He added that the basic needs of this category of farmers are inputs, seeds, fertilisers, agrochemicals, and these have to be made available to them. Olowe recalled when Akin Adesina, the former Nigerian agriculture minister, introduced the Growth Enhancement Scheme (GES) via the electronic wallet scheme (e-wallet); an electronic system that uses vouchers for the purchase and distribution of agricultural inputs.
Farmers who were eligible for these vouchers were to be 18 years of age and above, have their bio-data captured by the government, own a cell phone with a registered line, and have a minimum of N50 airtime on it. Hence, the government could track who got fertiliser, when they got it, and how much was paid.
Reports later had it that bags of fertilisers were diverted for personal gains and when supplied, they were either adulterated or underweight.
“Political farmers manipulated the scheme for their own gains. So, if any intervention in itself will be meaningful, it should be one that makes it easy for the real and actual farmers to have access to inputs,” said Olowe.
Other key elements that experts doted on are mechanisation, addressing insecurity, marketing and distribution, value addition in order to get more premium, and the environment. “If all these are put in place, then we are good to feed ourselves,” Olowe added.
Tajudeen Ibrahim, director of research and strategy at Chapel Hill Denham, noted that the country should have learned its lessons from the incidences bordering on insecurity that increasingly plagued the agriculture sector over the past 2 to 3 years. Money, he said, is not the only problem around food security, there are also key elements like security, infrastructure, storage facilities, transportation, etc.
“If the government cares for the sustainability of its goals, all these must be considered,” Ibrahim said.

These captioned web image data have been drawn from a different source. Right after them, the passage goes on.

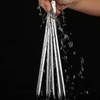 30 Pieces 14Inch Flat 304 Stainless Steel Kabob Skewers, Reusable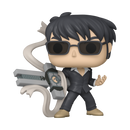 Funko Pop Trigun Nicholas Wolfwood w/Punisher Pop! Vinyl
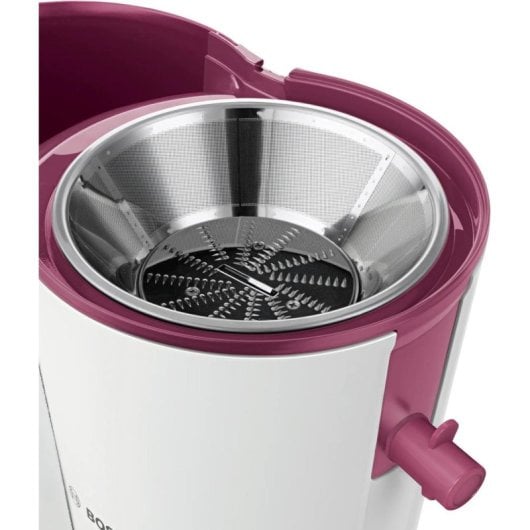 Licuadora Bosch MES25C0 Centrífuga 700W 2L Cereza/Branco Inox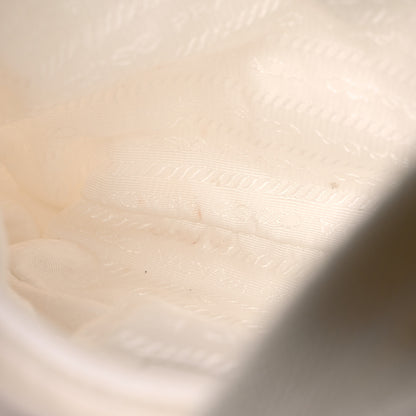 Prada Tessuto Nylon Mini Re-Edition 2000 Bag White 13 of 23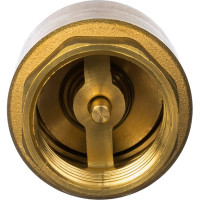 Обратный клапан БЕЛАМОС латунь / внеш резьба FV-D 1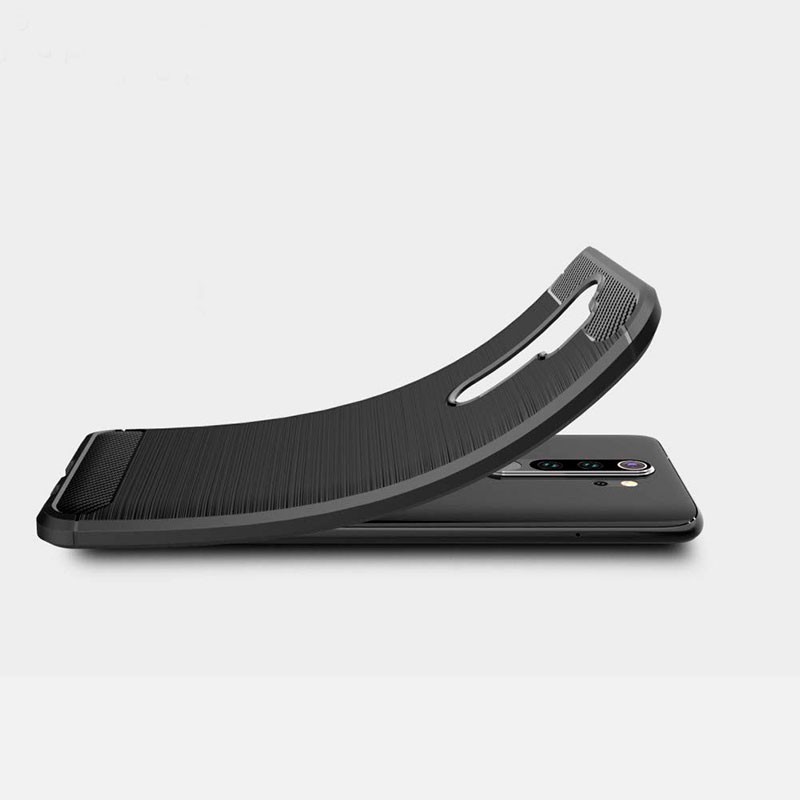Coque en silicone Carbon Ultra pour Xiaomi Redmi 9 - Ítem5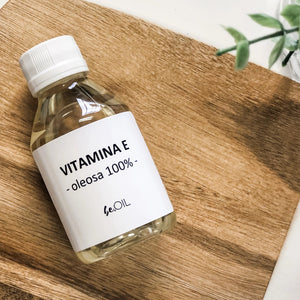 vitamina E | acetato oleosa (100ml)
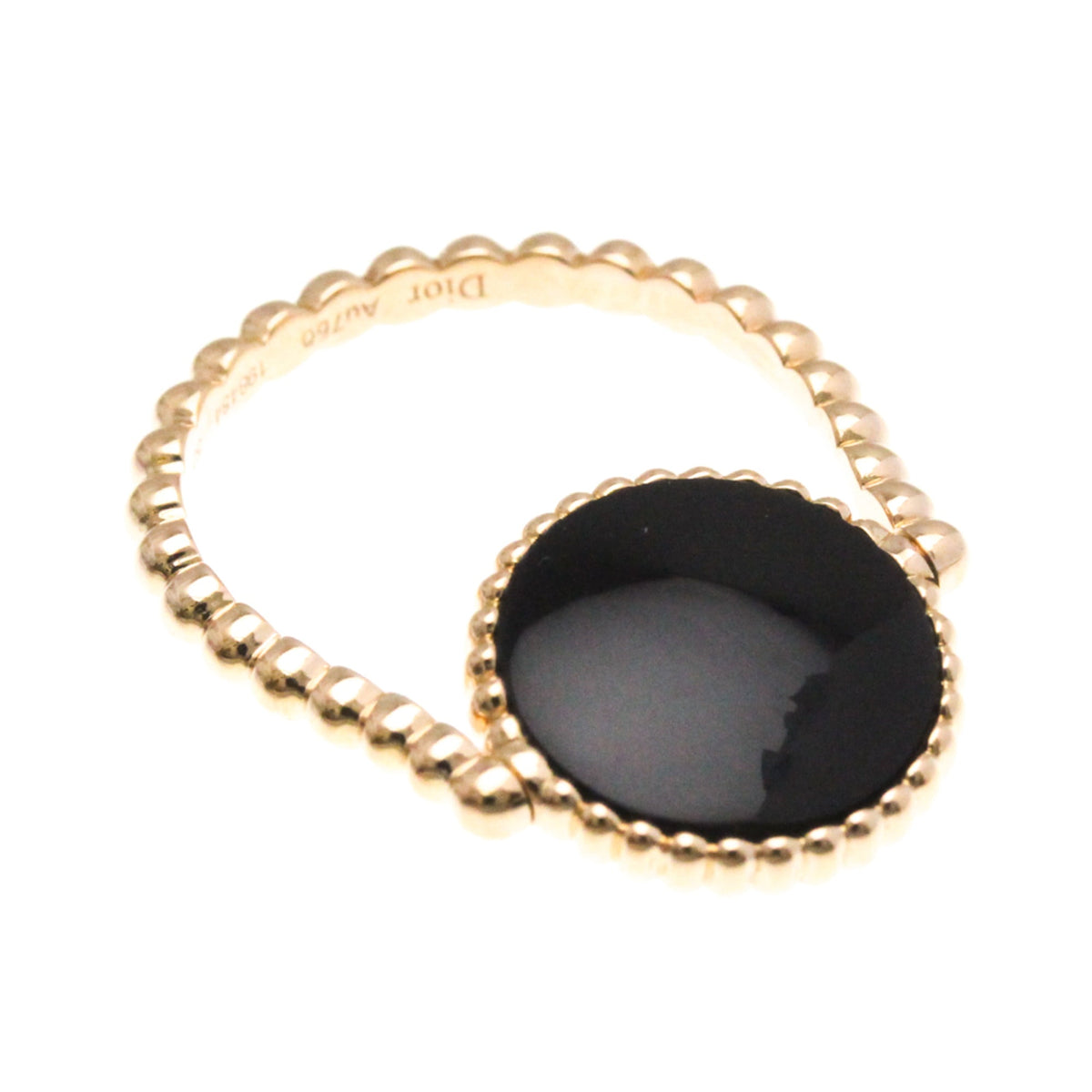 PRE-OWNED Christian Dior Rose des Vents · Rose Gold Size 5.25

On his part, Kabir Ibrahim, national president of the All Farmers Association of Nigeria, suggests that the federal government and all state governments work in unison “to support the smallholder farmers to build back better, ahead of 2023, by embracing all-year-round production, Climate Smart Agriculture, SCI (system of crop intensification), Agricultural Biotechnology, and GAP (Good Agricultural Practice)”.